## Excerpted data
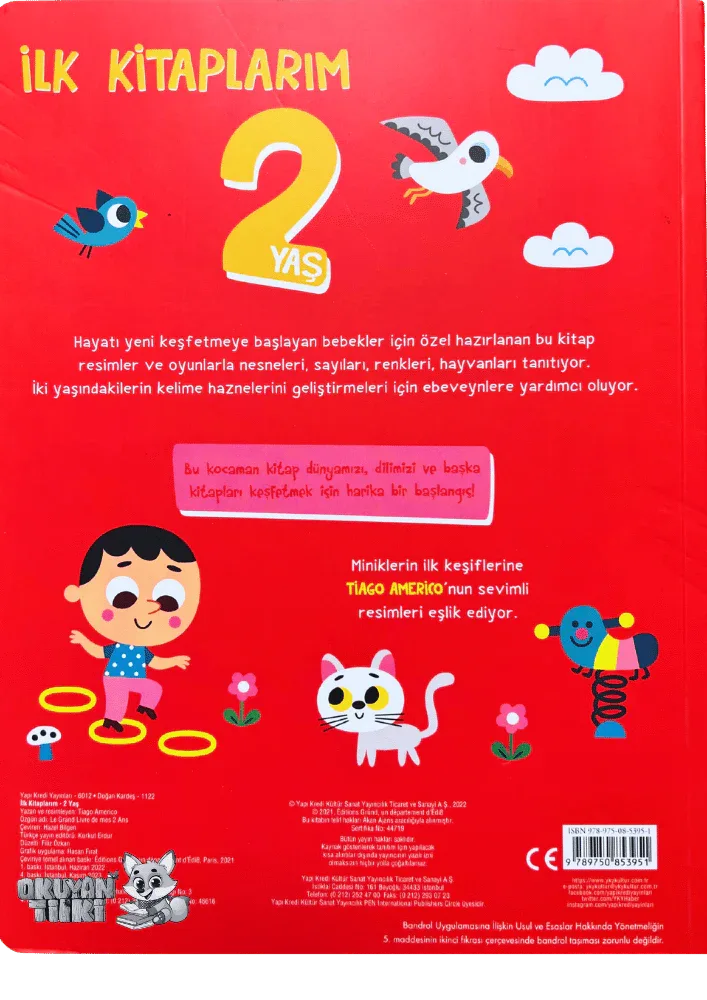 İlk Kitaplarım – 2 Yaş (2+ Yaş) - Okuyan Tilki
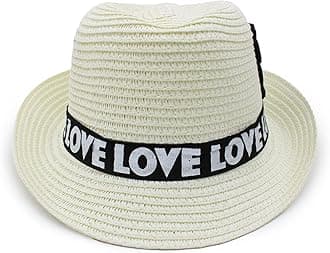 VRITRAZ Baby Boy's and Girl's Kids Children Cute Printed Cartoon Gift Summer Fancy Dress Straw Fasion Hat Cap 2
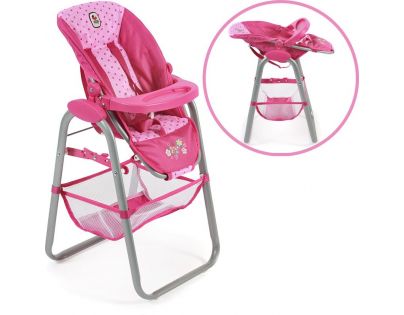 Bayer Chic Jídelní židlička pro panenku Pink Dots
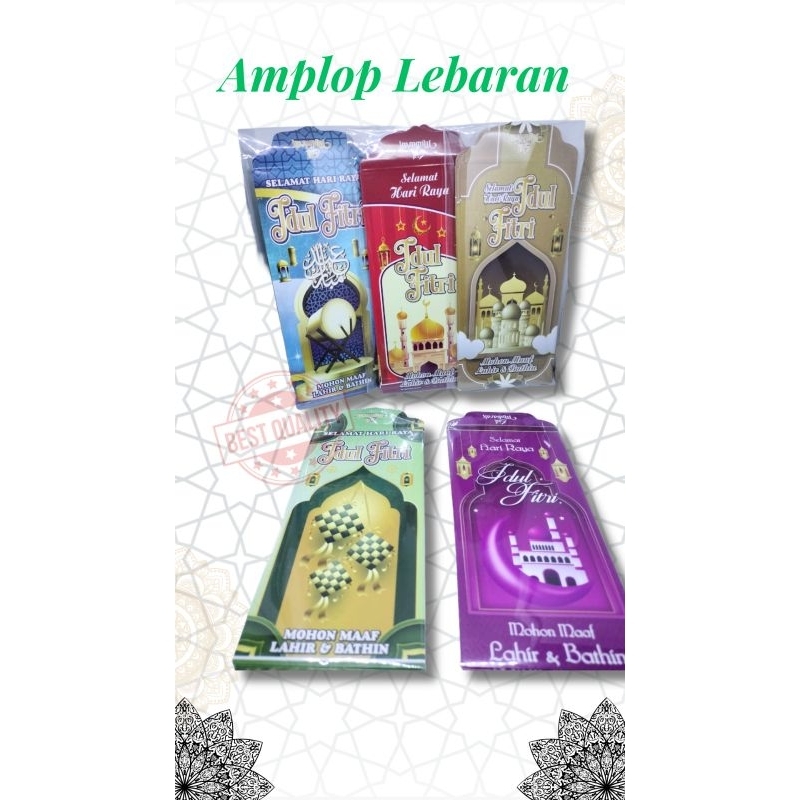 

amplop lebaran size panjang isi 10 pcs perpaket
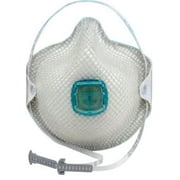 Moldex Small N100 Disposable Respirator With Ventex Exhalation Valve, Dura-Mesh Shell And HandyStrap - NIOSH 42CFR84 (5 Per Box)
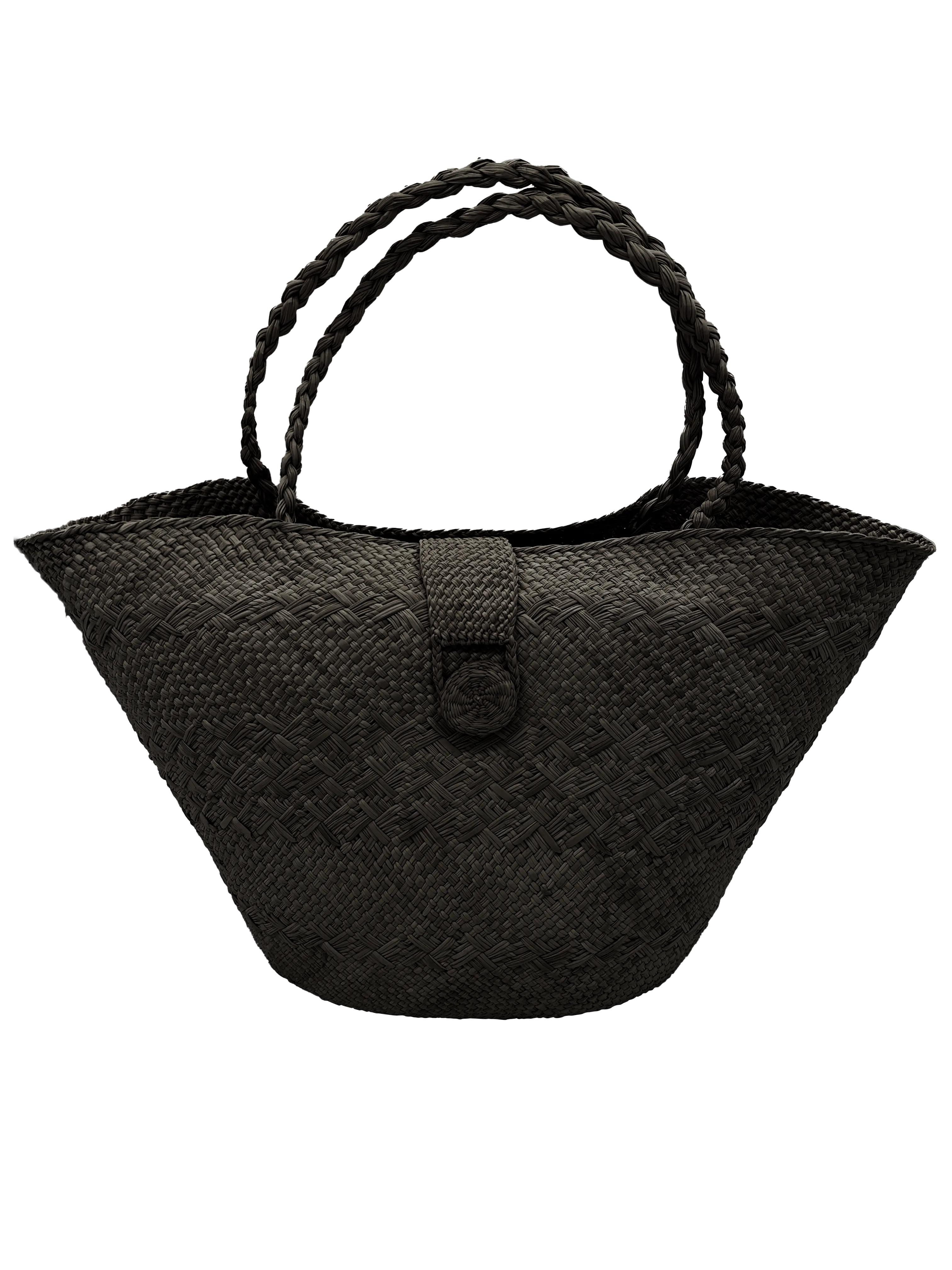Saint-Tropez Chic Straw Beach Bag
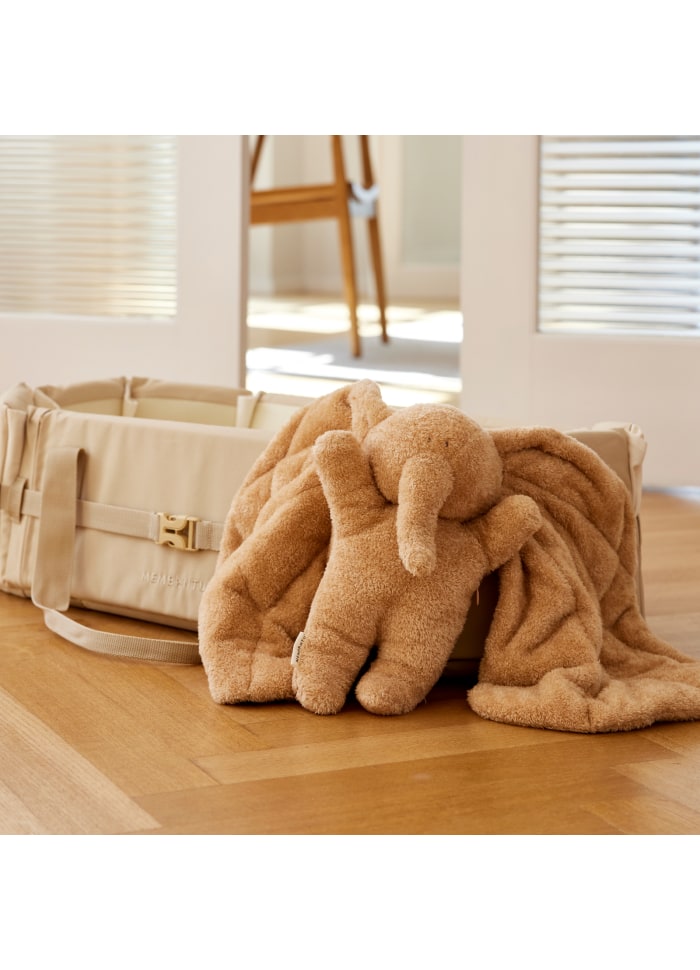 Membantu Magma Gewichtskuscheltier mit Glasperlenfüllung braun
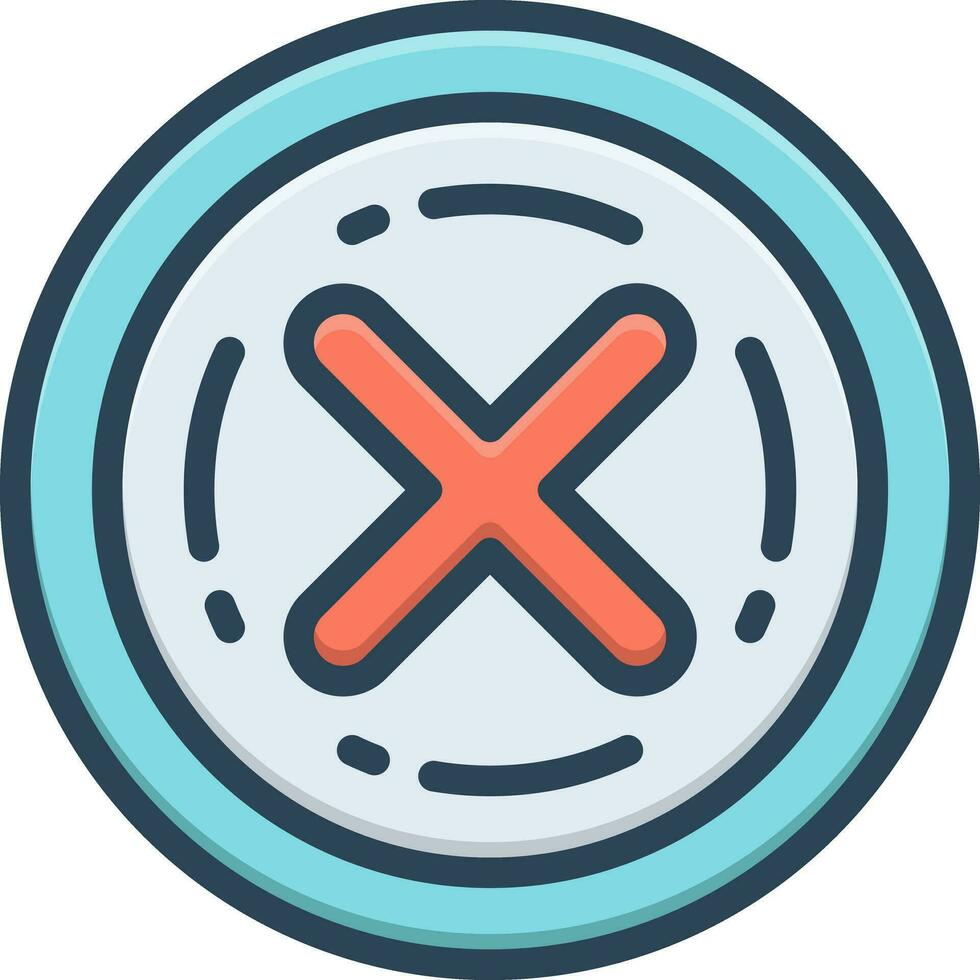 color icon for elimination vector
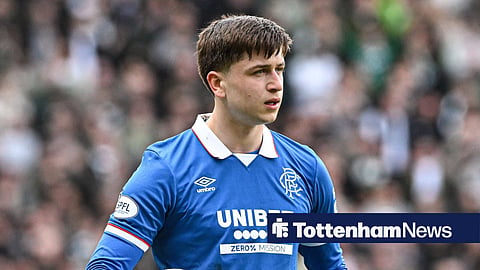 Mikey Moore in action for Rangers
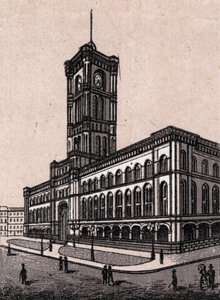 Berlin, Tyskland: utsikt över rådhuset. i "" Världen illustrerar 168 vyer"" Odaterat (slutet av 1800-talet) av Unknown artist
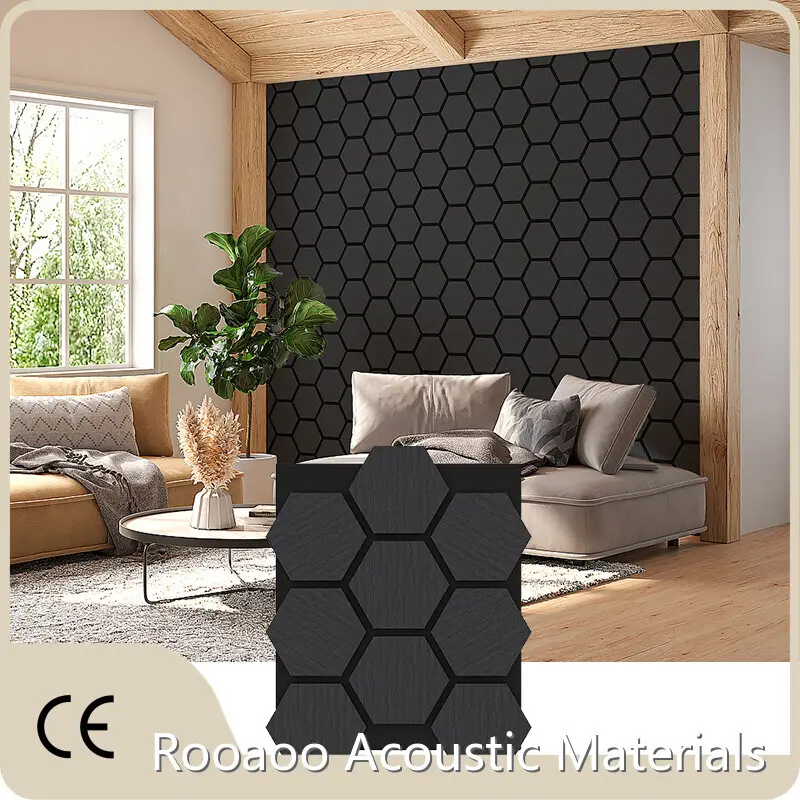 ROOAOO Acoustic Slat Wood Wall Panels Acoustic Slat Wood Wall Panels Wholesaler 1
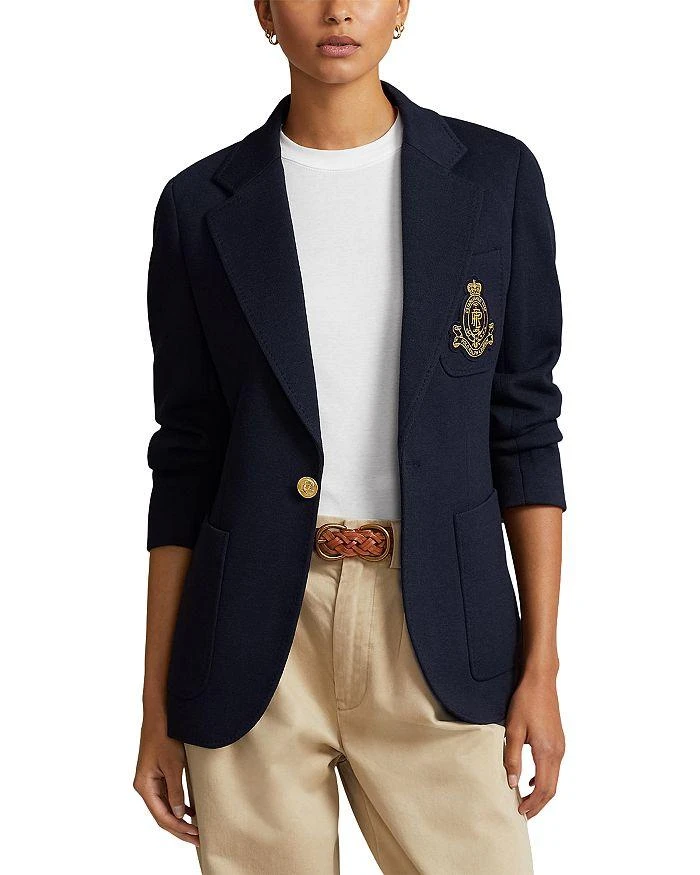 商品Ralph Lauren|Crest Embellished Blazer,价格¥2962,第1张图片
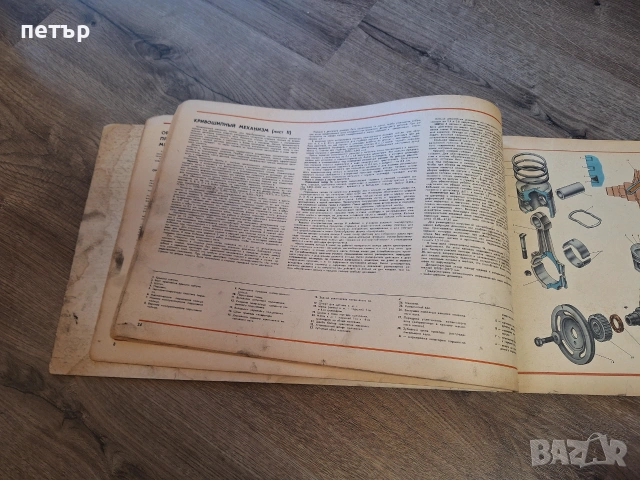 Ретро книга ва автомобил Ваз, снимка 4 - Специализирана литература - 54961992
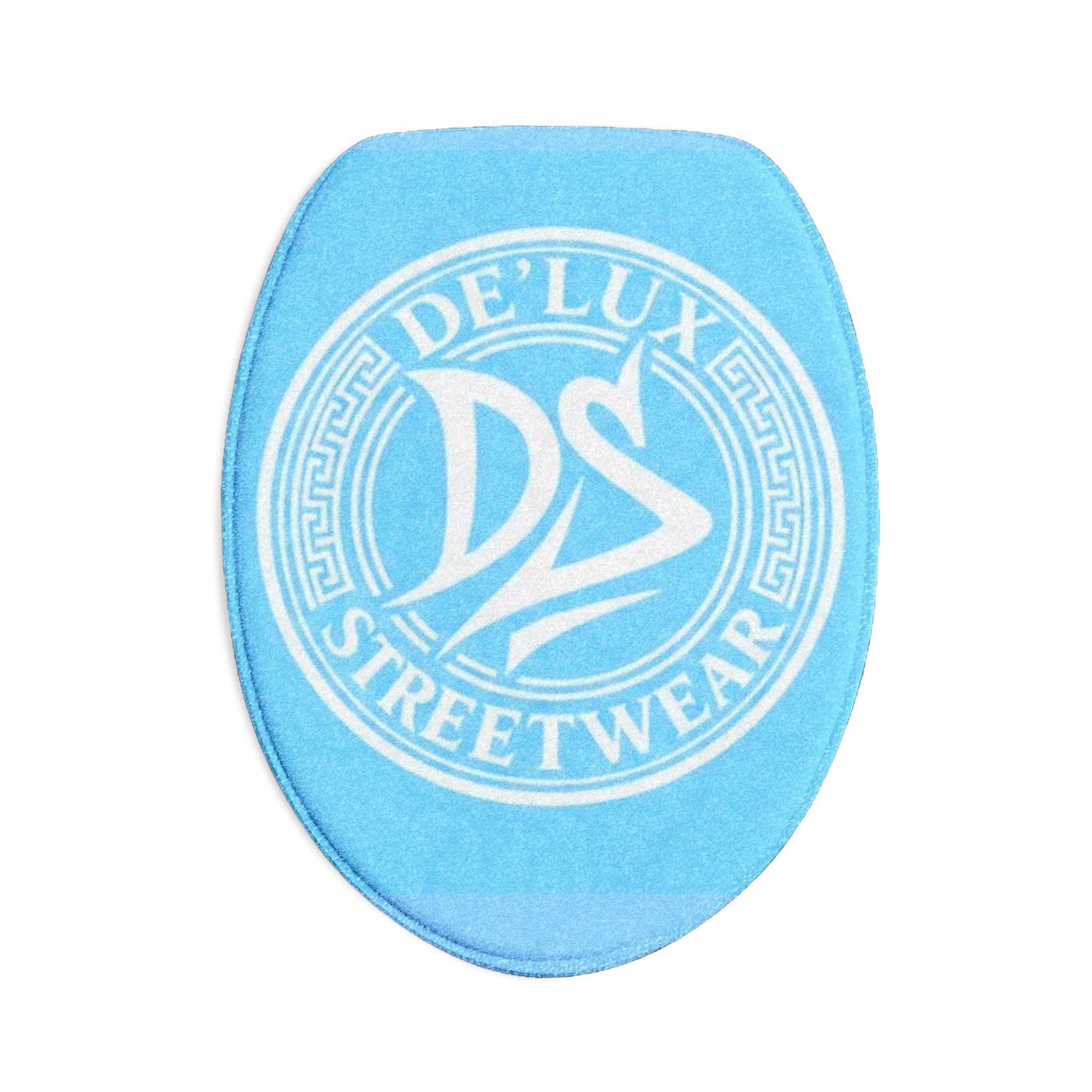 Toilet Rug Set — De'Lux Streetwear 3-Piece Bathroom Mat Set (Blue, Logo)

## What this task involves
Leave every picture out, and repeat exactly the lines from the one containing "Berlin, Tyskland: utsikt" through the last line of the entries, both ends included.

## Answer space
 Berlin, Tyskland: utsikt över rådhuset. i "" Världen illustrerar 168 vyer"" Odaterat (slutet av 1800-talet) av Unknown artist
 ROOAOO Acoustic Slat Wood Wall Panels Acoustic Slat Wood Wall Panels Wholesaler 1
 商品Ralph Lauren|Crest Embellished Blazer,价格¥2962,第1张图片
 Ретро книга ва автомобил Ваз, снимка 4 - Специализирана литература - 54961992
 Toilet Rug Set — De'Lux Streetwear 3-Piece Bathroom Mat Set (Blue, Logo)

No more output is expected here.